Excerpted records:

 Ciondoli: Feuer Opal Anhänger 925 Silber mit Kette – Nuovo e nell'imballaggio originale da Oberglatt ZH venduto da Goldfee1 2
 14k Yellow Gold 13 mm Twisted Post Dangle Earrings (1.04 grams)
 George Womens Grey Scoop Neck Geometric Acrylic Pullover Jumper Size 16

---

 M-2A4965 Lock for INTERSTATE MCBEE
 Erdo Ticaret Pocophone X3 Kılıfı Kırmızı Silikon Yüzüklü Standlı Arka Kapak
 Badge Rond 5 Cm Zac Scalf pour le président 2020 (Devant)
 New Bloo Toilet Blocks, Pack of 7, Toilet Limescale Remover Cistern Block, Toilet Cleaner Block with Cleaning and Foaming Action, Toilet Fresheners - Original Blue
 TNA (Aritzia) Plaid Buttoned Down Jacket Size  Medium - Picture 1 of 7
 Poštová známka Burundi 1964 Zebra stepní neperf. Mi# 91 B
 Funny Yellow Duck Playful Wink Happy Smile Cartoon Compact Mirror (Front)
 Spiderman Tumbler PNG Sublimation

Problem to solve: Output exactly the lines of the material above from the one containing "M-2A4965 Lock for INTERSTATE MCBEE" up to and including the one containing "Badge Rond 5".

Task solution:
 M-2A4965 Lock for INTERSTATE MCBEE
 Erdo Ticaret Pocophone X3 Kılıfı Kırmızı Silikon Yüzüklü Standlı Arka Kapak
 Badge Rond 5 Cm Zac Scalf pour le président 2020 (Devant)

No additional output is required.